**Study material:**
......

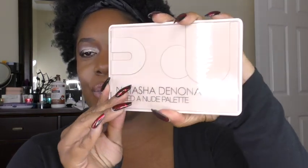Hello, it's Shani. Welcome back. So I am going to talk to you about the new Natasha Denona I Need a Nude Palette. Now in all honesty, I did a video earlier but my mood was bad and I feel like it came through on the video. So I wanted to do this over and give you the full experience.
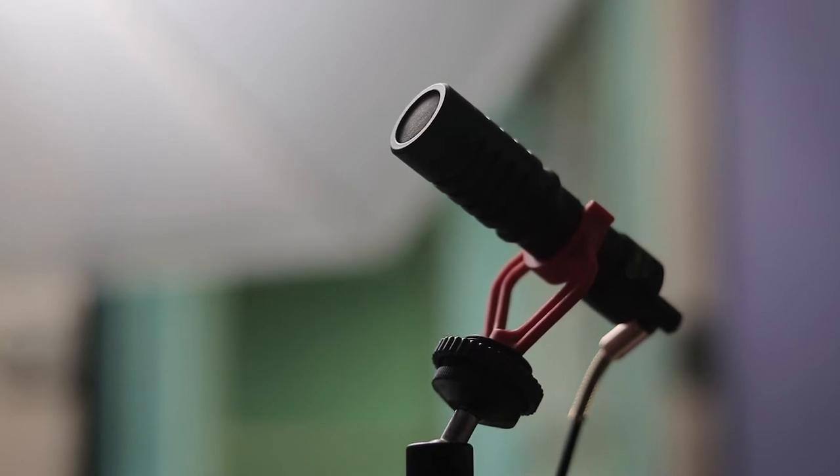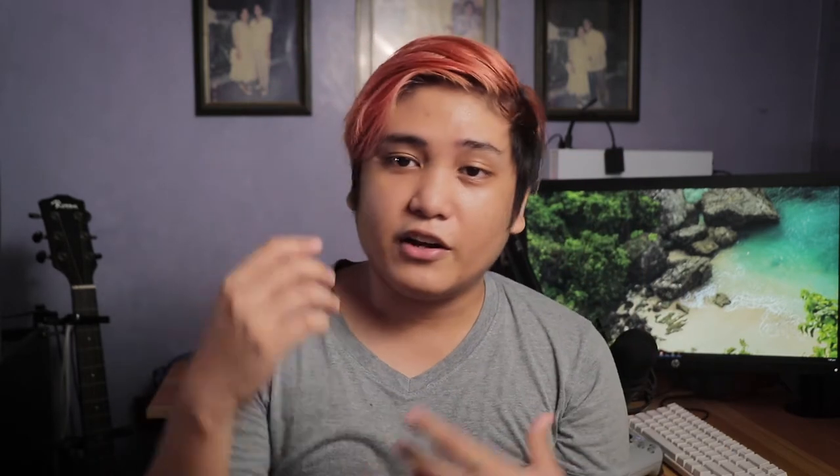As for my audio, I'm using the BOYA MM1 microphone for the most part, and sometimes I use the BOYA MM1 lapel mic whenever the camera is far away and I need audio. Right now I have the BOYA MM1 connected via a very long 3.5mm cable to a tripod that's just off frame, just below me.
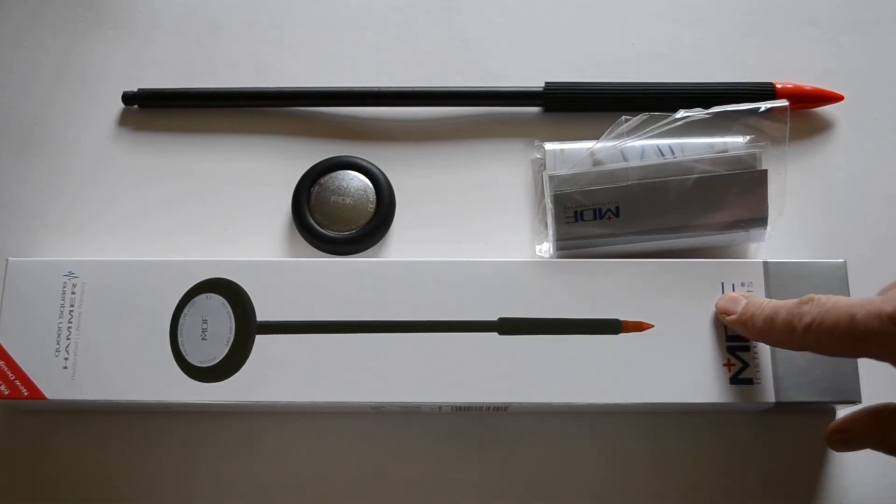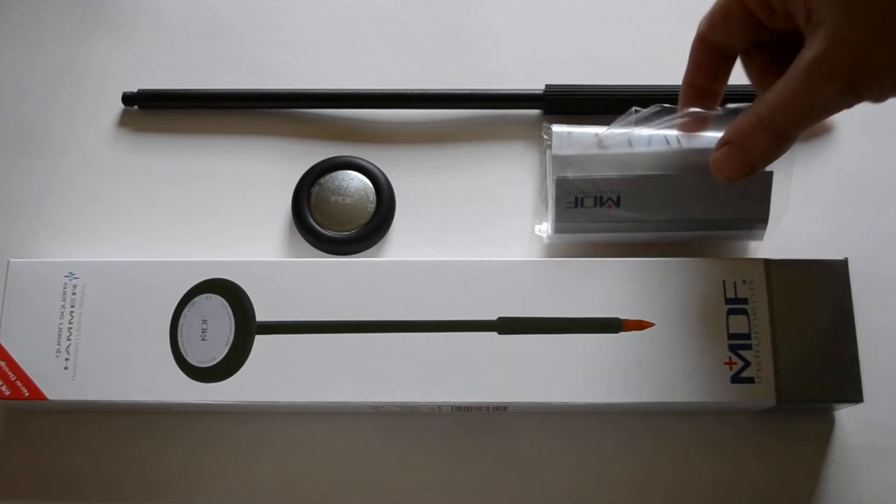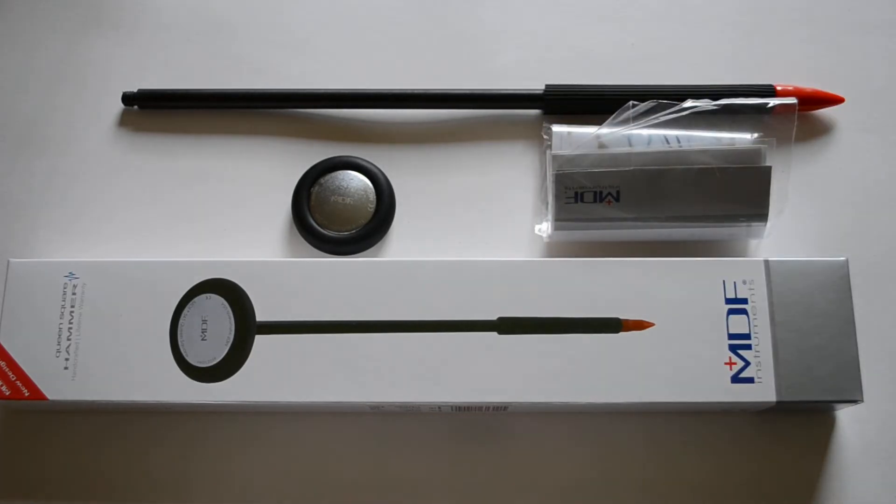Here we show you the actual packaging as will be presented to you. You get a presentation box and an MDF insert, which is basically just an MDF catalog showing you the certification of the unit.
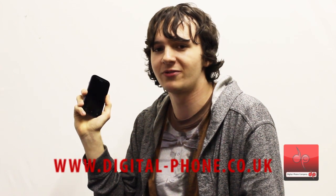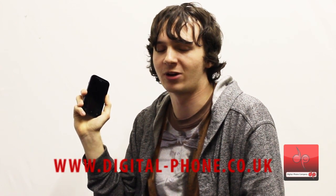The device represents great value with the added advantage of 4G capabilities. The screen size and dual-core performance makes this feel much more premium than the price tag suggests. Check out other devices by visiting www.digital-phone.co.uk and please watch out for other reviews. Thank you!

......

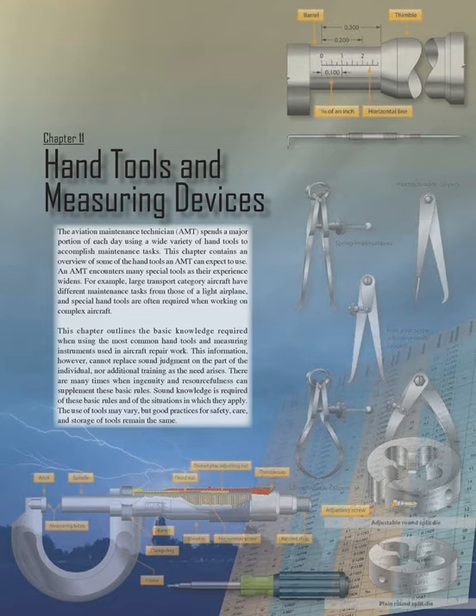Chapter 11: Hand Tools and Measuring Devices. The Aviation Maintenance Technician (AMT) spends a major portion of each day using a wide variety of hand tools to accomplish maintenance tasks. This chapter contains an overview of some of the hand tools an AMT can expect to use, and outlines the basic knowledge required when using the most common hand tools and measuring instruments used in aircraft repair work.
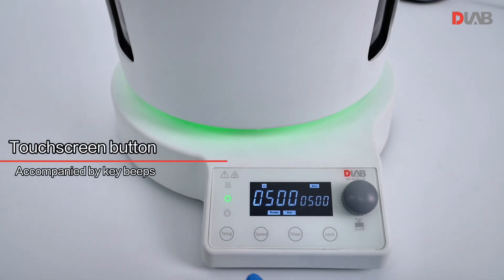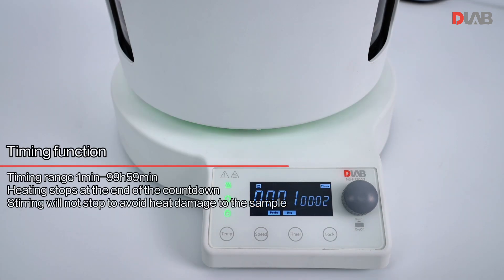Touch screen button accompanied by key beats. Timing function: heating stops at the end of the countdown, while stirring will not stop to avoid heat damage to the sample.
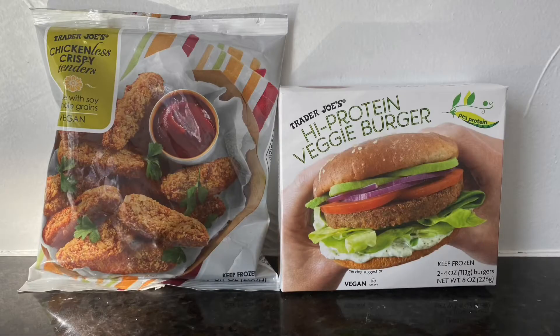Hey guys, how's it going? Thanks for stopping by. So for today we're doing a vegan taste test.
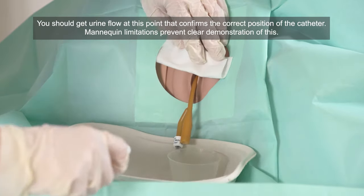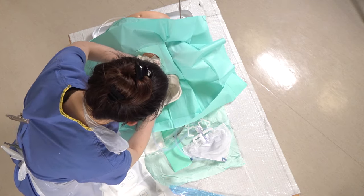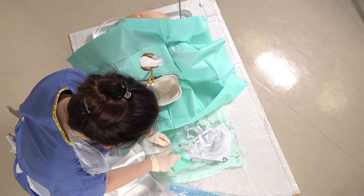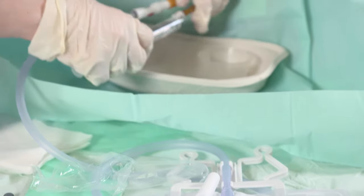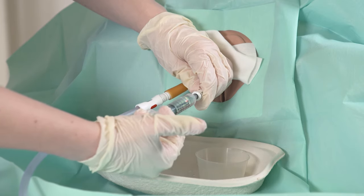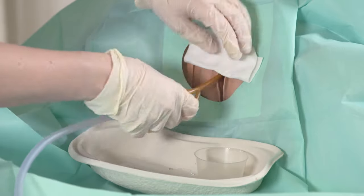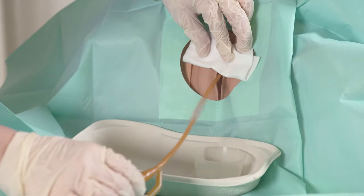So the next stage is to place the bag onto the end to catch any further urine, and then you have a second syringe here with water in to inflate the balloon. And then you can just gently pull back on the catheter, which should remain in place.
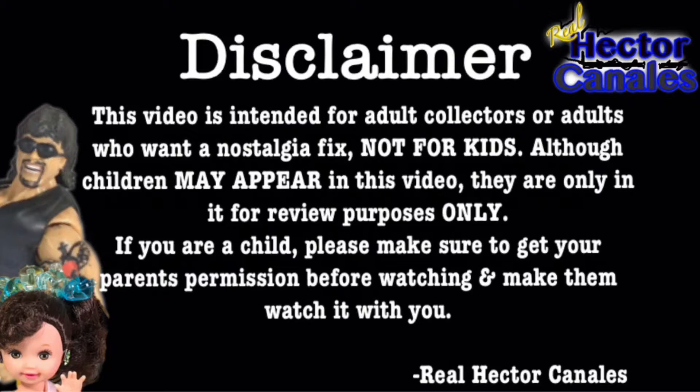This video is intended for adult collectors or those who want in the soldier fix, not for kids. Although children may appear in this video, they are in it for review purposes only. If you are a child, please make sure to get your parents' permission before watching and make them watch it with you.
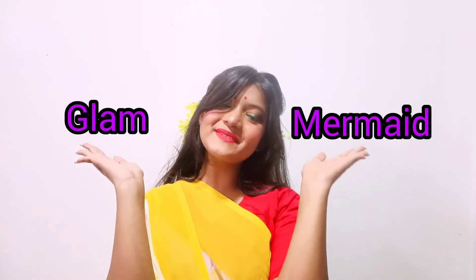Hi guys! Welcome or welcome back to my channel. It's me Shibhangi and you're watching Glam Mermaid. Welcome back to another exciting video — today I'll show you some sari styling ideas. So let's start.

......

**Activity:** In the listing above, find the line with "Hello, it's Shani." and the line with "The device represents". Set down exactly those lines and everything between them, skipping pictures.

**Task result:**
Hello, it's Shani. Welcome back. So I am going to talk to you about the new Natasha Denona I Need a Nude Palette. Now in all honesty, I did a video earlier but my mood was bad and I feel like it came through on the video. So I wanted to do this over and give you the full experience.
As for my audio, I'm using the BOYA MM1 microphone for the most part, and sometimes I use the BOYA MM1 lapel mic whenever the camera is far away and I need audio. Right now I have the BOYA MM1 connected via a very long 3.5mm cable to a tripod that's just off frame, just below me.
Here we show you the actual packaging as will be presented to you. You get a presentation box and an MDF insert, which is basically just an MDF catalog showing you the certification of the unit.
The device represents great value with the added advantage of 4G capabilities. The screen size and dual-core performance makes this feel much more premium than the price tag suggests. Check out other devices by visiting www.digital-phone.co.uk and please watch out for other reviews. Thank you!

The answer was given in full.